D’var Torah: Miketz 2025/5786 מקץ
Rabbi Ari Ebstein ‘08, Grades 4 and 5 Jewish Studies
If You Want Something Done, Give It to a Busy Person:
Yosef, Chanukah, and the Limits of Expected Outcomes
Rabbi Adin Even-Israel (Steinsaltz) z’l was a very busy man: He wrote several translations of the Talmud, ran two schools, and did outreach work with Jews in Russia. He was finding it hard to maintain his workload, so he asked his teacher, the Lubavitcher Rebbe, which area he should focus on. The Rebbe told him, “Keep doing all these things, and in fact, add to your schedule.”
In this week’s Parsha, Miketz, Pharaoh dreams of seven cows and seven stalks of corn. What is the significance of seven? Seven represents the natural world, such as the seven-day week or the seven-year agricultural cycle. Pharaoh believed the world was run by purely natural forces.
The Shaloh haKadosh, noted for the free kosher-lunch program that bears his name, says the parsha of the week always relates to the time of year where it falls. This week is Chanukah, which celebrates the eight-day miracle of the little cruz of oil burning extra-long. Eight represents above nature. It turns out, there is more to the world than meets the eye.
There is a movement in sports called analytics, which runs stats through formulas to dictate decisions, from fourth-down conversions to the elimination of the midrange jumpshot. Some fans balk at this trend. Sports, they argue, is not about a collection of probabilities but rather about people showing what they’re truly made of, through guts, grit, and moxy. These fans see not expected outcomes but rather the man in the arena.
Yosef haTzaddik was such a man. If he were to assess his situation objectively, how bleak it would appear. Betrayed by his brothers, conspired against by his boss’s wife, and languishing in jail, it sounds like the opposite of good! Analytics would have written Yosef off, his career finished! But Yosef’s story was just beginning: He ascended to the second in command in Egypt, saved the world from famine, and reunited with his family.

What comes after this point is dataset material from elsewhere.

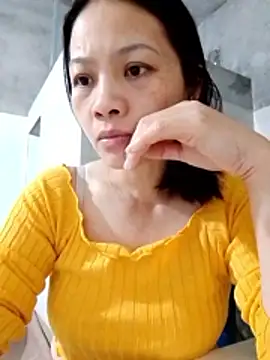 Snapshot of Aninyin22 chatting on February 7, 2026, 12:58 am Aninyin22 online show from February 7, 2026, 12:58 am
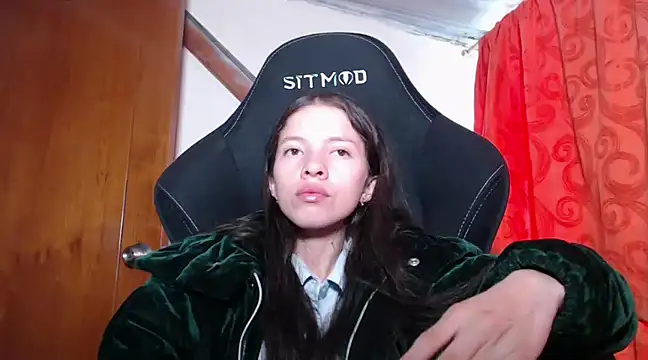 sweetdam12 online show from March 10, 8:12 pm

Yosef, Chanukah, and the number eight–what do they all have in common? They testify to a power that is above logic and limitation. Like always happens, just when we think we can’t eat one more latke, somehow, miraculously, we make room. So this Chanukah, let’s give a little extra gelt, spend a little more non-productive time staring at the Chanukah lights, and add a little more holiness to our already jammed schedules. In this way, the blessings we experience will also be bli gvul, beyond any limitation.